上昇相場に潜む「二番底」

マクロ動向・指標考察

こんにちは。堤 国之助(twitter:kuninosuke1)です。

 

 世界の市場は方向性が定まることなく、激しい乱高下繰り返しています。識者の中には底打ちしてここから株価回復に転じると予想する方がいる一方、二番底を予想される方も一定数存在します。今回は2つのデータを用いて、今後の相場を検証していきます。

二番底とは

 二番底は、経済やマーケット全般で使われる用語で、景気や相場が悪化している時に、一度底を打って好転した後、再度悪化して底を打つことをいいます。一般にマーケットにおいては、下げ相場(下落トレンド)では、一気に大底を付けることは少なく、若干の戻しを繰り返しながら数度にわたって安値を更新していき、その際に最初の安値を「一番底」、次の安値を「二番底」、その次の安値を「三番底」と言い、そして最も安いところを「大底」と言います。

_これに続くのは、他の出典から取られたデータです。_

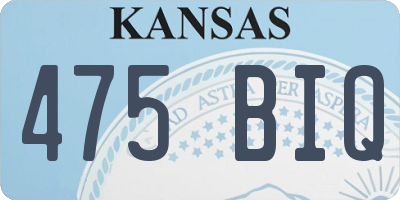 KS license plate 475BIQ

 3/27時点で世界の株価は反発の様相を見せています。アメリカが2兆円の経済政策を打ち出した他、各国も大規模な財政政策を表明し、安心感と割安感から買いが入っているようです。ですが、肝心な新型コロナウイルスの収束目途はまだ立たず、実体経済への影響も見えていません。そのため、二番底を形成する可能性は十分に考えられます。

バルチック海運指数

 一つ目の参考データは、バルチック海運指数(Baltic Dry Index、通称BDI)です。当指標は、イギリスのバルチック海運取引所が算出する、ばら積み船運賃の総合指数のことです。世界の「貿易の活発さ」と関連性の高い指標であり、貿易が活発であることは、バルチック海運指数が上昇する主要な要因となります。逆に言うと、バルチック海運指数が低迷していることは、貿易という経済活動が低迷していることを示します。こうした要因から、バルチック海運指数は世界経済の先行指標としても認識され、世界経済の動きに数か月先行するとも言われています。

 足元のバルチック海運指数は、2019年9月を天井に下落を続け、2月上旬に底 値を付けています。その後、上昇に転じましたが、ここ3月中旬から下落に転じています。この動きをニューヨーク・ダウと比較してみると、バルチック海運指数が高値を付けた4ヶ月後の2020年1月に高値を付け、そこからバルチック海運指数同様に下落。バルチック海運指数が底値を付けた1ヵ月後に底値を付け、徐々に上昇しています。ただし、バルチック海運指数が3月中旬から下落に転じているところを見ると、遅行するニューヨーク・ダウも、まだまだ下落余地を残しているように思えます。

 

1929年の世界恐慌

 二つ目の参考データは、1929年の世界恐慌時のニューヨーク・ダウのチャートです。

 御覧の通り、今回の暴落と非常に似た形のチャートを描いています。もちろん、当時と現代では前提条件が全く異なるため、今後も世界恐慌と同様チャートを形成するという訳ではありません。一方で当時は庶民がこぞって投資を開始し、町の靴磨きの少年すら株を買おうとするなど、投資のすそ野が非常に広がってきたところでした。これに対して現代ではAIによる取引規模拡大や、レバレッジ取引の流行など、似通った点も存在します。そして当時も、経済政策や株の割安感から買いが増えた後、失業率などの実体経済への影響が明確化したため、二番底を形成しました。今回も実体経済への影響が見極められていないということを考えると、ここからの下落も十分に想定できます。

 

個人投資家の取るべき行動

  上記2点を踏まえ、今後二番底を形成する可能性は十分に考えられます。個人投資家は相場に振り回され疲弊されている方もいらっしゃるでしょうが、一番大切なことは市場に残ることです。そして生き残るためには、 自分のリスクに合わせて リスク資産と現金の比率を保持することが重要です。自分を含めて市場を注視しつつ、投資を続けられればと思います。